The people running BP did a dreadful job of estimating the true chances of events that seemed unlikely — and may even have been unlikely — but that would bring enormous costs.

Perhaps the easiest way to see this is to consider what BP executives must be thinking today. Surely, given the expense of the clean-up and the hit to BP’s reputation, the executives wish they could go back and spend the extra money to make Deepwater Horizon safer. That they did not suggests that they figured the rig would be fine as it was.

But this does not prove the case.  You may buy a stock given the odds of it going up or down.  If it goes down you will regret your investment.  This does not prove it was wrong to invest in the first place.  It might have been right given your initial assessment.

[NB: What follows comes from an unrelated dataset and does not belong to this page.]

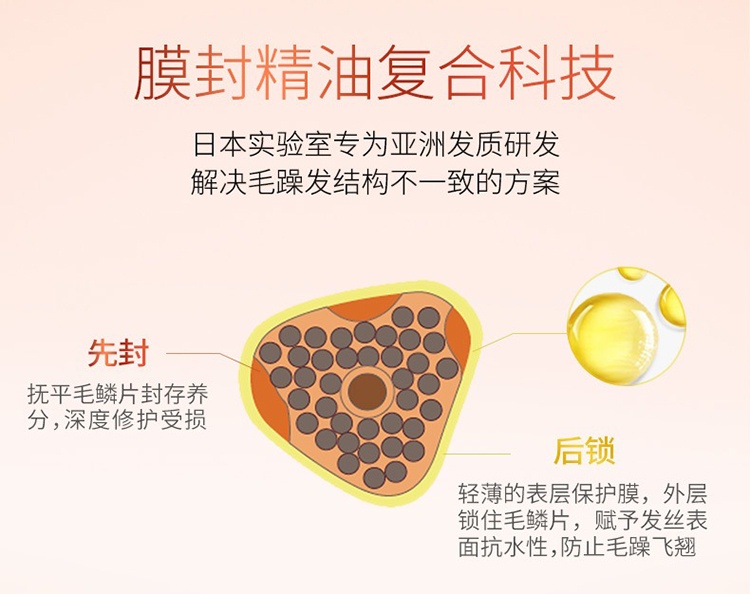 商品Kérastase|卡诗奥丽柔顺护发精油100ml 柔顺改善毛躁,价格¥370,第6张图片详细描述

The same logic applies to BP.

This is a simple point: regret does not imply that the ex ante decision was bad.  Leonhardt is  a great economics commentator and journalist.  The fact that he makes this elementary mistake shows how easy it is to make.

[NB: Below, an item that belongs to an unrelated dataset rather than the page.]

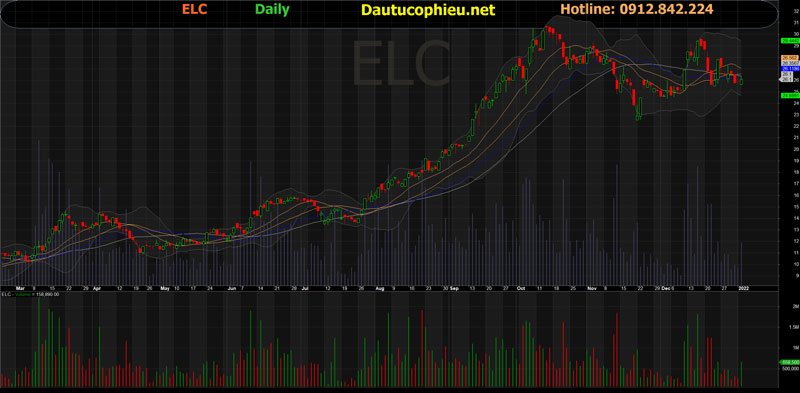 Đồ thị cổ phiếu ELC phiên giao dịch ngày 05/01/2022. Nguồn: AmiBroker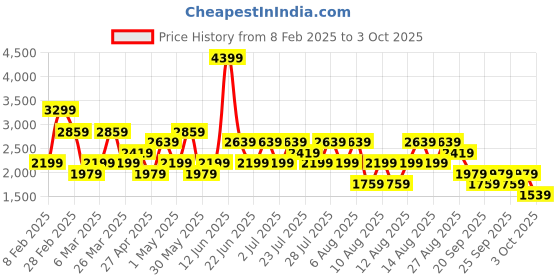 myntra.com Trendyol Ribbed Self Design Round Neck Crop Top And Skirt trendyol Price History Graph from 8 Feb 2025 to 3 Oct 2025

But there is another factor at work.  It is impossible to determine BP’s probability assessment after the fact.  They can always claim the chance of a disaster was low.  There is no historical data against which to measure their assessment.   All we are left with is the option to blame them even if their decision was perfect from an ex ante perspective.  Blame involves saying them made a bad decision and holding them to account.  This was the key element in Jeff’s earlier post on the Blame Game.